In the following essay, I am going to show to what extent the Bank of England can affect the money market, I will use the recent crisis faced by the Northern Rock Bank as an example to elaborate on the matter.
The power of the Bank of England comes from the fact that it has a monopoly on the supply of liquidity. The Bank of England can set interest rates.
It all begun with the banks having a lot of cheap money and they were desperate to lend, so they tapped into the American sub prime market which provided finance for people with poor credit rating (known as ninjas-no income no job or assets), this was known as the collateral loan obligation, CLO.
The system was such that financiers would set up a separate company and borrow for example £900 million perhaps from insurance companies and pension funds on which they paid low interest, they then added about £100 million of their own money making £1bn in total, with this billion they bought mortgages from a bank in America and the mortgages brought in an income of about £ 80million which was more than the interest they had to pay say about £50 million so the profit was £30million from only £100million of their own money.
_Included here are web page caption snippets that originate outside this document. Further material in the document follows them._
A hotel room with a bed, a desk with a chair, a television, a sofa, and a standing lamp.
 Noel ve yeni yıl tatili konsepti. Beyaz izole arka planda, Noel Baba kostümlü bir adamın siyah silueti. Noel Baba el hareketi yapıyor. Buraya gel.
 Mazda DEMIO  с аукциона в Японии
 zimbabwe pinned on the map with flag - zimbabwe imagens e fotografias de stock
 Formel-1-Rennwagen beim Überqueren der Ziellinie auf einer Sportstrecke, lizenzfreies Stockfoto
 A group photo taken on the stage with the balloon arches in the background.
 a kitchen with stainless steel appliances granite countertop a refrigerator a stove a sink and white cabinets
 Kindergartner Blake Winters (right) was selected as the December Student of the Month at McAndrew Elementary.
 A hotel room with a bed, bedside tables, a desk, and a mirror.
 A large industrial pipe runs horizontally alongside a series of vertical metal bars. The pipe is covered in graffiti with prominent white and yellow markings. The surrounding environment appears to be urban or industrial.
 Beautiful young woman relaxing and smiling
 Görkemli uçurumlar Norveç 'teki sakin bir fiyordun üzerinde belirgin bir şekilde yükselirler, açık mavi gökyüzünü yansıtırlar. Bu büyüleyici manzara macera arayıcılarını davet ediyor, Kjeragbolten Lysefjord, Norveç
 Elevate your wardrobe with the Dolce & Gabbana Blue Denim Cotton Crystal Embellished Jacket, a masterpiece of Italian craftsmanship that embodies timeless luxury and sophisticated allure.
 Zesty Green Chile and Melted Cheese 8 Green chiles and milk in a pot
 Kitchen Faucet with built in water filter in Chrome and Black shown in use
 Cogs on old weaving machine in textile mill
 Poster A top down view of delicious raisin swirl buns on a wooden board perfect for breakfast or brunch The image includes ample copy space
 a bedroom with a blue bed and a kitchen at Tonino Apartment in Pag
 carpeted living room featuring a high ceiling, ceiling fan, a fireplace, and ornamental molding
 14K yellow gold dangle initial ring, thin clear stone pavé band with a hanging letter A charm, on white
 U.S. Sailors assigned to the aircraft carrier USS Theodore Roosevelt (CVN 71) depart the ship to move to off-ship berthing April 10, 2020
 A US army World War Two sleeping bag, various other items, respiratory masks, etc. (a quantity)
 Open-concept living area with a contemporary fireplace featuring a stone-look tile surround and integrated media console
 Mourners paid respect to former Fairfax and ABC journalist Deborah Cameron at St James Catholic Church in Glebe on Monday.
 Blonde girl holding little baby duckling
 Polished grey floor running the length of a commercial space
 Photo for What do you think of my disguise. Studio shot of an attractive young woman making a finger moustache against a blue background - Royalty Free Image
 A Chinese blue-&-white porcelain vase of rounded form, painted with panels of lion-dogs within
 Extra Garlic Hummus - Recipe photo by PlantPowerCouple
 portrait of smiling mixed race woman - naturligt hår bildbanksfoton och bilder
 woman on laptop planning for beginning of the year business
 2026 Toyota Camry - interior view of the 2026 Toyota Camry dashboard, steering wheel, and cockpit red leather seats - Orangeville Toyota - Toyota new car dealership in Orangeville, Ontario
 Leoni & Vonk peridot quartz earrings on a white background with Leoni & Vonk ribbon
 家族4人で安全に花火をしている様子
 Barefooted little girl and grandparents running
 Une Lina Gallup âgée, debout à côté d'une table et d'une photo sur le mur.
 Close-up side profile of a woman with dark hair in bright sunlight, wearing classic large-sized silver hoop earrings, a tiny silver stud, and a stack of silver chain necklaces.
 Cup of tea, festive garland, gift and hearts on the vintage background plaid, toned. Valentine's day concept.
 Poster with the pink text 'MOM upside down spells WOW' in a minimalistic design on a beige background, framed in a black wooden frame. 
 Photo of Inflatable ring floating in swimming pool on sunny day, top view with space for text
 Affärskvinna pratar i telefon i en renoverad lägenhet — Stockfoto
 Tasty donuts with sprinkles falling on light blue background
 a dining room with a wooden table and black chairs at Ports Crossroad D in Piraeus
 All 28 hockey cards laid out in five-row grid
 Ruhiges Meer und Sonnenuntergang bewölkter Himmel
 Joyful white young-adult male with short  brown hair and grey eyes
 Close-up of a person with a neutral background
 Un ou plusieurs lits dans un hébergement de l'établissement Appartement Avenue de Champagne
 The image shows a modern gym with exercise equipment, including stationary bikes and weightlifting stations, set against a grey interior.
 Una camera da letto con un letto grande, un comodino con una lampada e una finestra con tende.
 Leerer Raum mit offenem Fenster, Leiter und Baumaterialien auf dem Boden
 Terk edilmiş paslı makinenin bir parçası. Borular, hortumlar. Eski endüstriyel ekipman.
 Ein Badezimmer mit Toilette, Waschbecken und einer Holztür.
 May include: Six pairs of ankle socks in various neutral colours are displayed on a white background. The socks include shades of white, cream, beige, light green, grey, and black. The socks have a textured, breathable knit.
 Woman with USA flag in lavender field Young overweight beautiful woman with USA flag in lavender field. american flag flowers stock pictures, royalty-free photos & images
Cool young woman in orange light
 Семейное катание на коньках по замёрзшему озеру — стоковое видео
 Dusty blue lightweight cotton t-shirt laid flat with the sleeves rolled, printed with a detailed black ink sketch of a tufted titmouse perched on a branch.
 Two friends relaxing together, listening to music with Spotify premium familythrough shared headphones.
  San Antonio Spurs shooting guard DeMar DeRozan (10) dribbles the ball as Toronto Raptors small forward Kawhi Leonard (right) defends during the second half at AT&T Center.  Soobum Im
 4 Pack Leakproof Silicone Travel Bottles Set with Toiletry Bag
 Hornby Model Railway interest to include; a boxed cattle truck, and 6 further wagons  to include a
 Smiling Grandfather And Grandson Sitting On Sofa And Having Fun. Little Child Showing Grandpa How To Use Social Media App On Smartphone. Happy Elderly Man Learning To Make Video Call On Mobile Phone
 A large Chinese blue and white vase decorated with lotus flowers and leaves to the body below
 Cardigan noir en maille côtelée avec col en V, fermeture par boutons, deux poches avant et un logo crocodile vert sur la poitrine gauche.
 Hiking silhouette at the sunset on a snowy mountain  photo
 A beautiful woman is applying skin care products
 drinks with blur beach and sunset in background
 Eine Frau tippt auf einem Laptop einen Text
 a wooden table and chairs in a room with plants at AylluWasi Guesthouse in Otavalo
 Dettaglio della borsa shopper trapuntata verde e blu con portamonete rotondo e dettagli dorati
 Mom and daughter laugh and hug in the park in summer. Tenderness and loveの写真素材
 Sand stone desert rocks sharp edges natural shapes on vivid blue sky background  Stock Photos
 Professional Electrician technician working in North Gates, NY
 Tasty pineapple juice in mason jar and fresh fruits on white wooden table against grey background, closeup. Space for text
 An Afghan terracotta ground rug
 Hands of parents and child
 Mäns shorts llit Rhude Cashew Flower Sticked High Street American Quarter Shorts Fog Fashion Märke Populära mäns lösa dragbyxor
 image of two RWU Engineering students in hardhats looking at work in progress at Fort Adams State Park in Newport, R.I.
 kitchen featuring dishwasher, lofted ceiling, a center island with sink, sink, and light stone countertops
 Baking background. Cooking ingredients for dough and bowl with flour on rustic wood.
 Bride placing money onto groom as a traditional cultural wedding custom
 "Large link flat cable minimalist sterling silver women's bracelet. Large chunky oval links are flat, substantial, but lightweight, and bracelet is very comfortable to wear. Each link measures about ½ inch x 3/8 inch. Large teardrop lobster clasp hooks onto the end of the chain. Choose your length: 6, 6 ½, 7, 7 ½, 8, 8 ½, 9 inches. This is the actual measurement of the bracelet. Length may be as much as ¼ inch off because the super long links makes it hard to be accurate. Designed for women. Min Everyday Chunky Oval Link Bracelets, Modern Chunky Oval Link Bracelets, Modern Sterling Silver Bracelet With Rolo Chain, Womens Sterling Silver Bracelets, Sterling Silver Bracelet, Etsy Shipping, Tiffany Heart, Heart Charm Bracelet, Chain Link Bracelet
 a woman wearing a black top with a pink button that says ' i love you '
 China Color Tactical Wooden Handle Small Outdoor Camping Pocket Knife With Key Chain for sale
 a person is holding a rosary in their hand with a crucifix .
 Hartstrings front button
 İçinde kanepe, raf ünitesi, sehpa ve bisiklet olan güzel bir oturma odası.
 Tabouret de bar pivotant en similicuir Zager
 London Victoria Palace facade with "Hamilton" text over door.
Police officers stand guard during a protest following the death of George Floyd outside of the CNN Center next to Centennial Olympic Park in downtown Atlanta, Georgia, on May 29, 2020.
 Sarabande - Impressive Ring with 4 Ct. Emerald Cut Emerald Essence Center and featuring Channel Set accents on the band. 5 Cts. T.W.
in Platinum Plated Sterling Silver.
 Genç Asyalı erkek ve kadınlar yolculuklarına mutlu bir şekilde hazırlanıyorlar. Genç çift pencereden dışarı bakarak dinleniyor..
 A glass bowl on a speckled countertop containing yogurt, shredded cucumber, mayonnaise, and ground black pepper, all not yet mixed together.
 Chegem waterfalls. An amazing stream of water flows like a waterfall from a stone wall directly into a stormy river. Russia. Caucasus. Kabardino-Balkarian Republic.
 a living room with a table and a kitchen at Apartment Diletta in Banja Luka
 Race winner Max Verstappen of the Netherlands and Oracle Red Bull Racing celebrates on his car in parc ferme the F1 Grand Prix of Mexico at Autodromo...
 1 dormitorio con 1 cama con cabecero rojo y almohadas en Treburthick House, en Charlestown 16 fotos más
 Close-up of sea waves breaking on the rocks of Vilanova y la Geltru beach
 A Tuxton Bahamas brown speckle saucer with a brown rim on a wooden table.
The advantage of the CLO was that they were not banks, banks are regulated and regulations are costly and it restricts the ability to conduct business as large reserves are needed, the have restrictions on operations and they have to report on a regular basis.
More and more banks got involved in the CLOs and the subprime market boosting the profits even further, the market for CLO s became popular in Wall Street, but in reality it was a time bomb waiting to explode.
It wasn’t just US banks, from 2003 UK banks piled into the market, they put billions through their US subsidiaries into the American sub prime market and found ways of investing millions more into all kinds of...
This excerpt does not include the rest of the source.